Task directions
Word for word, reproduce every line of the data below.

Data to process
***
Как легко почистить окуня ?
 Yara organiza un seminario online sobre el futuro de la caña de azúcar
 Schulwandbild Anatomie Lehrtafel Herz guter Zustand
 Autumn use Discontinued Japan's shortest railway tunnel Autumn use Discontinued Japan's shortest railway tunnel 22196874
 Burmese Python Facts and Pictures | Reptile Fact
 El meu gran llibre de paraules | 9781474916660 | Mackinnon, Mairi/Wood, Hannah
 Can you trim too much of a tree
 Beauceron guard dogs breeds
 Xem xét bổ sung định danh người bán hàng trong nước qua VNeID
***
Your response
Как легко почистить окуня ?
 Yara organiza un seminario online sobre el futuro de la caña de azúcar
 Schulwandbild Anatomie Lehrtafel Herz guter Zustand
 Autumn use Discontinued Japan's shortest railway tunnel Autumn use Discontinued Japan's shortest railway tunnel 22196874
 Burmese Python Facts and Pictures | Reptile Fact
 El meu gran llibre de paraules | 9781474916660 | Mackinnon, Mairi/Wood, Hannah
 Can you trim too much of a tree
 Beauceron guard dogs breeds
 Xem xét bổ sung định danh người bán hàng trong nước qua VNeID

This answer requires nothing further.